The records

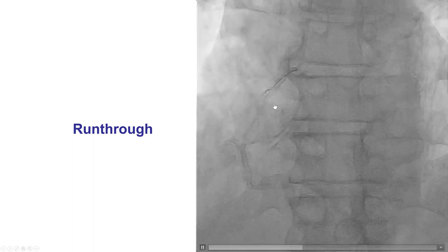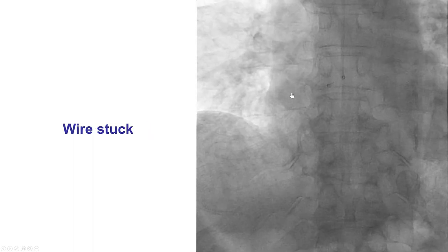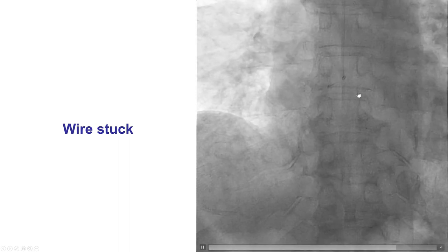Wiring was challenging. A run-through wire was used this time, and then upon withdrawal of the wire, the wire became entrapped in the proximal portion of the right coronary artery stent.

==

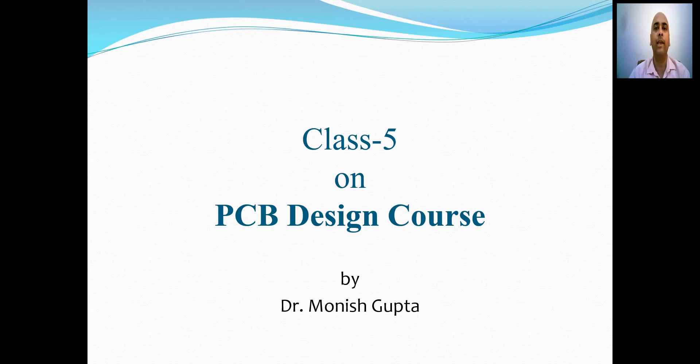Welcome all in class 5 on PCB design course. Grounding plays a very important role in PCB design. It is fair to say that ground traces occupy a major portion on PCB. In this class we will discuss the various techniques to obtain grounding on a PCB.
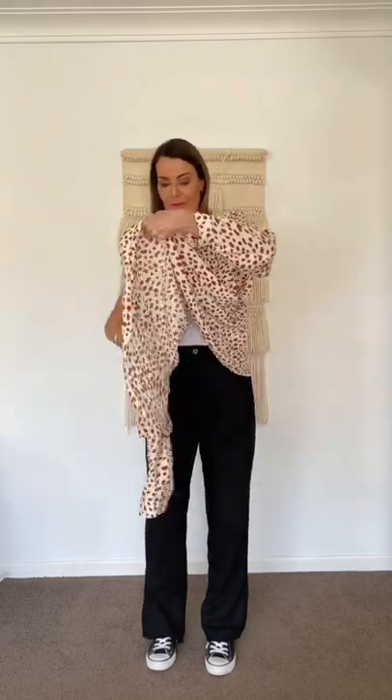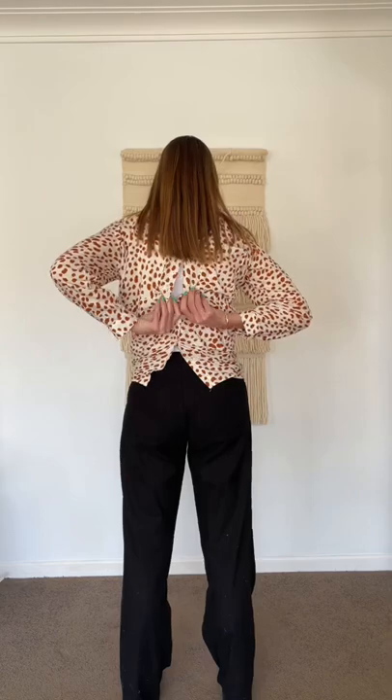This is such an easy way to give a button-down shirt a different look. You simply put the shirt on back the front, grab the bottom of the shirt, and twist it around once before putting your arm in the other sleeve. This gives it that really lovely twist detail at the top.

* * *

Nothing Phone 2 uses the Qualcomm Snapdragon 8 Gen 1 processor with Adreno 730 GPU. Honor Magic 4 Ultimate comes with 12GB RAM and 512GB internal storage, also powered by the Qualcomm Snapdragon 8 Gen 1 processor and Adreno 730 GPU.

Exercise
Though the entries above contain pictures, none should be copied; reproduce only the lines between the one holding "Welcome all in" and the one holding "This is such", inclusive, exactly as written.

Completed exercise
Welcome all in class 5 on PCB design course. Grounding plays a very important role in PCB design. It is fair to say that ground traces occupy a major portion on PCB. In this class we will discuss the various techniques to obtain grounding on a PCB.
This is such an easy way to give a button-down shirt a different look. You simply put the shirt on back the front, grab the bottom of the shirt, and twist it around once before putting your arm in the other sleeve. This gives it that really lovely twist detail at the top.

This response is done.